MATERIAL FOR THIS EXERCISE below:
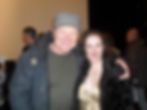 Peter Mullan and Reaghan Reilly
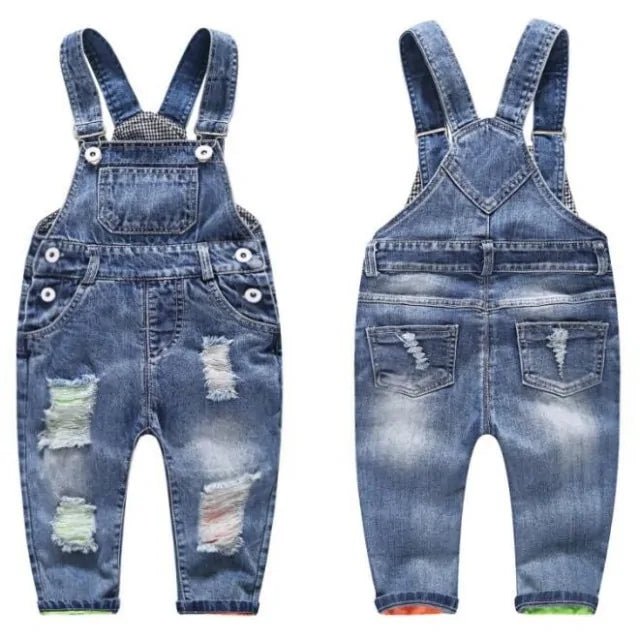 Kids Jeans Baby Rompers - PepitoStore - 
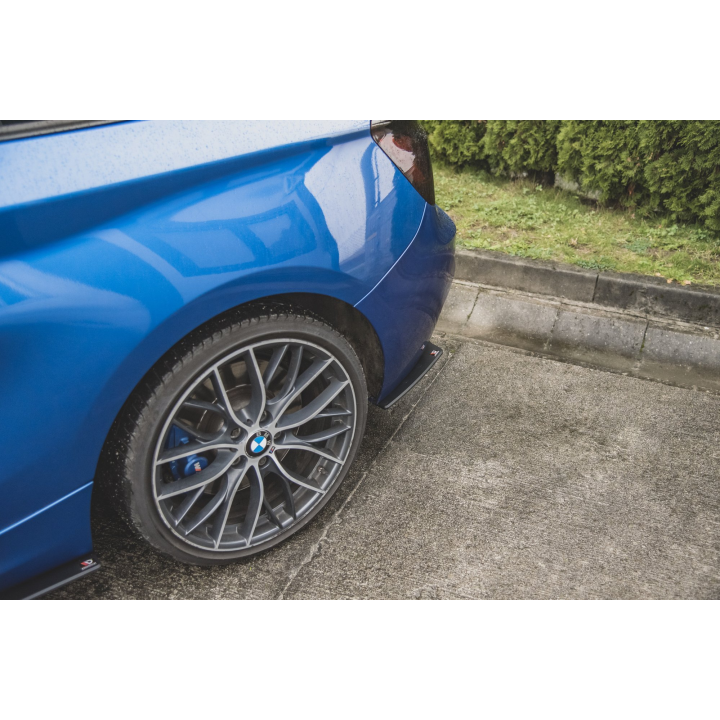 Splittery Tylne Boczne Street Pro BMW M135i F20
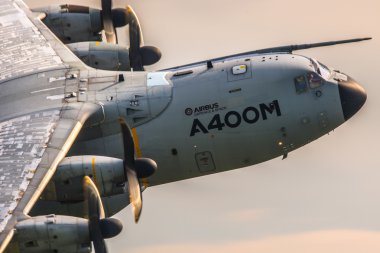 Airbus A400m Avusturya'da Airpower üzerinde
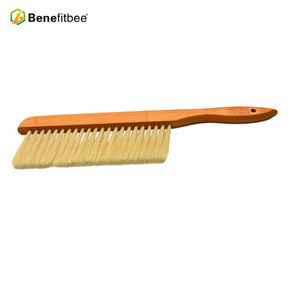 Benefitbee Nieuwste Enkele Rij Plastic Bee Sweep Bijenteelt Gereedschappen Zacht Plastic Bee Borstel - Product Image 6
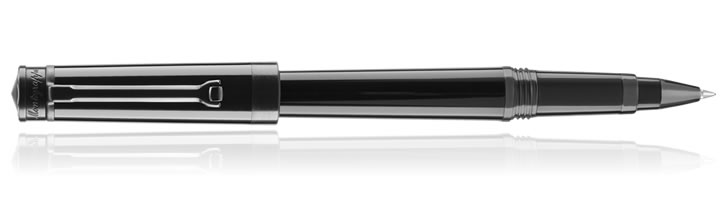 Montegrappa Parola Rollerball Pens in Stealth Black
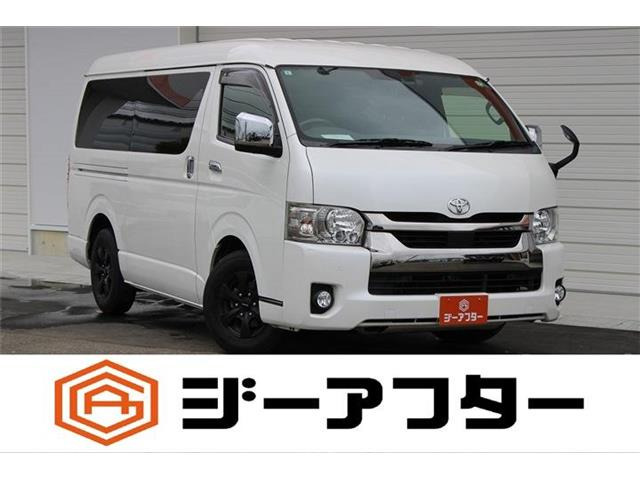 ハイエースバン 2.8 スーパーGL ワイド ダークプライムII ロング ミドルルーフ  ディ...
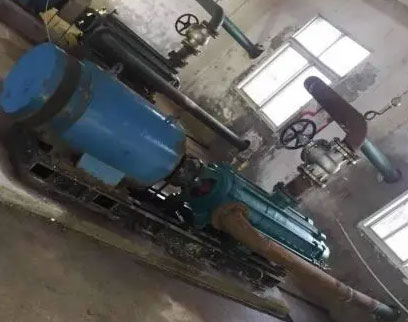 锅炉给水泵安装图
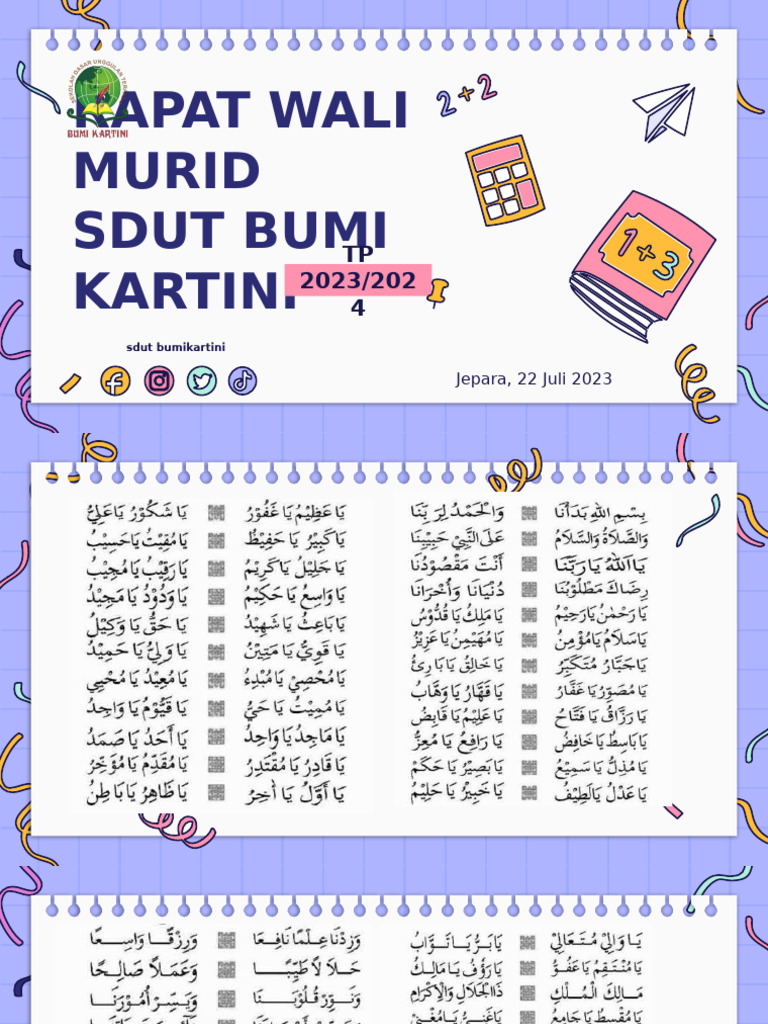 Rapat Walmur Sdut 2024 | PDF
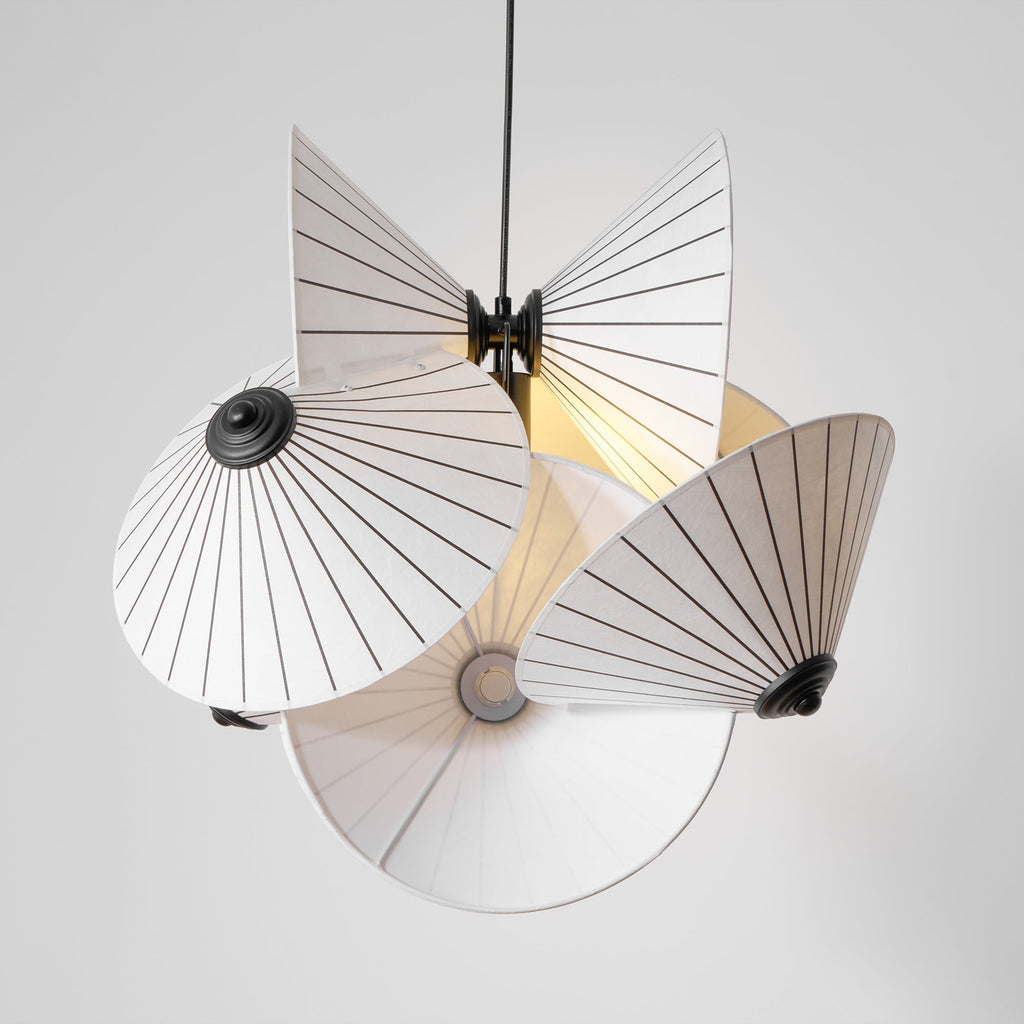 Zerinarae Suspension en Métal et Tissu, Créativité Individuelle - Neutralighting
End of MATERIAL FOR THIS EXERCISE.
§ **WHAT TO PRODUCE**:
Nothing but the lines from the one containing "Splittery Tylne Boczne" through the end of the listing should be printed, each exactly as it appears and without pictures.

§ **ANSWER SPACE**:
 Splittery Tylne Boczne Street Pro BMW M135i F20
 Airbus A400m Avusturya'da Airpower üzerinde
 Benefitbee Nieuwste Enkele Rij Plastic Bee Sweep Bijenteelt Gereedschappen Zacht Plastic Bee Borstel - Product Image 6
 Montegrappa Parola Rollerball Pens in Stealth Black
 ハイエースバン 2.8 スーパーGL ワイド ダークプライムII ロング ミドルルーフ  ディ...
 锅炉给水泵安装图
 Rapat Walmur Sdut 2024 | PDF
 Zerinarae Suspension en Métal et Tissu, Créativité Individuelle - Neutralighting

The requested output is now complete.